▼▼▼
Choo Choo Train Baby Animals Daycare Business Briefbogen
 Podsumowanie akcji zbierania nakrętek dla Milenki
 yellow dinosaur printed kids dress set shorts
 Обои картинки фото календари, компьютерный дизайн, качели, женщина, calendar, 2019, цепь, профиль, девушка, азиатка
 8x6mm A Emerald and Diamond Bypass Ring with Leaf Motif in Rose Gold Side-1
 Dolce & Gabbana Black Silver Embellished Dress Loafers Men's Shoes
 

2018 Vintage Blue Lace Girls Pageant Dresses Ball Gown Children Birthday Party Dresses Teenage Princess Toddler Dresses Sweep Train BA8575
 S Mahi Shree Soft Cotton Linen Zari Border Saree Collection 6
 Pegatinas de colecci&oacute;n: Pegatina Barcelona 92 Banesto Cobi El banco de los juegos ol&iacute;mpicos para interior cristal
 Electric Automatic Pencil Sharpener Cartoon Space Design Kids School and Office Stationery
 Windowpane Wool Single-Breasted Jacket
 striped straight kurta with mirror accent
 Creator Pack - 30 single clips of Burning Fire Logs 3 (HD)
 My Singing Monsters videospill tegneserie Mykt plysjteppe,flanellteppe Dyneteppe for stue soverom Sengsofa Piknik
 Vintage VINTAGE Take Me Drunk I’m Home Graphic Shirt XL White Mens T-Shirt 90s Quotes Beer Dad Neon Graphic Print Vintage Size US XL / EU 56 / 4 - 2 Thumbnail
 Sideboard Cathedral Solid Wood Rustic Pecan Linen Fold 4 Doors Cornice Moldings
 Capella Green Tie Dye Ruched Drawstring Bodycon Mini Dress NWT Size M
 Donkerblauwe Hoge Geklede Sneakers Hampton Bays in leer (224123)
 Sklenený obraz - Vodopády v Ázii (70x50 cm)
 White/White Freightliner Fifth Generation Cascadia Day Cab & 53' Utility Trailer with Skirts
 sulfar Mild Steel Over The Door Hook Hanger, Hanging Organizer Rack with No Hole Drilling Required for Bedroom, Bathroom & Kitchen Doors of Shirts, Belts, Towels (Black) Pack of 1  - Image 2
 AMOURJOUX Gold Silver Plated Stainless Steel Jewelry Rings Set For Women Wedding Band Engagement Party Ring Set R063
▲▲▲
Using the entries above, output exactly the lines between the line holding "2018 Vintage Blue" and the line holding "Electric Automatic Pencil", end lines included, and nothing more.

- **Solution to the exercise**:
2018 Vintage Blue Lace Girls Pageant Dresses Ball Gown Children Birthday Party Dresses Teenage Princess Toddler Dresses Sweep Train BA8575
 S Mahi Shree Soft Cotton Linen Zari Border Saree Collection 6
 Pegatinas de colecci&oacute;n: Pegatina Barcelona 92 Banesto Cobi El banco de los juegos ol&iacute;mpicos para interior cristal
 Electric Automatic Pencil Sharpener Cartoon Space Design Kids School and Office Stationery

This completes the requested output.